The schedule is as follows: yoga in the morning, breakfast, manual labor, lunch, free afternoon, dinner, talk time, bed. We compost our shit into humanure, which doesn't smell as bad as you might imagine so long as you use sawdust and keep the urine separate. The food is vegan, but you can get other sinful snacks in the surrounding Tamil villages. The cost is $20 for two weeks to cover food and some basic hygiene supplies. This is an ecovillage (solar panels and sustainably built huts) that works to reforesting the tropical landcover that existed here before British and French colonial admististrations had it cut down. The topsoil is bright red clay like Georgia and I heard that before the work began thirty years ago, the ocean would turn blood red during the monsoon. It is a wasteland reborn as something completely different.
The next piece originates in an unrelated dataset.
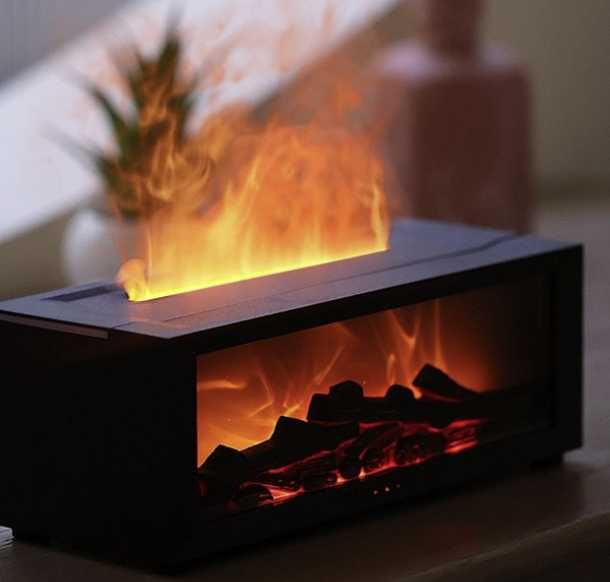 Премиум аромадиффузор «Камин» — эффект огня, RGB свет и пульт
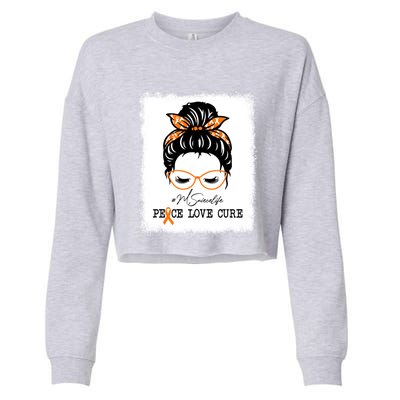 Peace Love Cure Niece Messy Bun Multiple Sclerosis Gift Cropped Pullover Crew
I haven't spent too much time in the town this project is peripherally situated in: Auroville. It has less than 2000 residents from all over the world and the majority of them seem to be older idealistic Europeans. These people are hard to locate in any systematic fashion so I spent most of my time exploring via old Indian bicycle (it's still a relatively small place) and stopping to talk to people in places I find interesting. I think it would take a long time to make sense of all the different projects, policies, and histories of this place... but it would be worthy of a long term social analysis... I'm sure one's been done. What they don't have, amazingly, is wifi access of any kind. Bangles is seriously outdoing them on this front.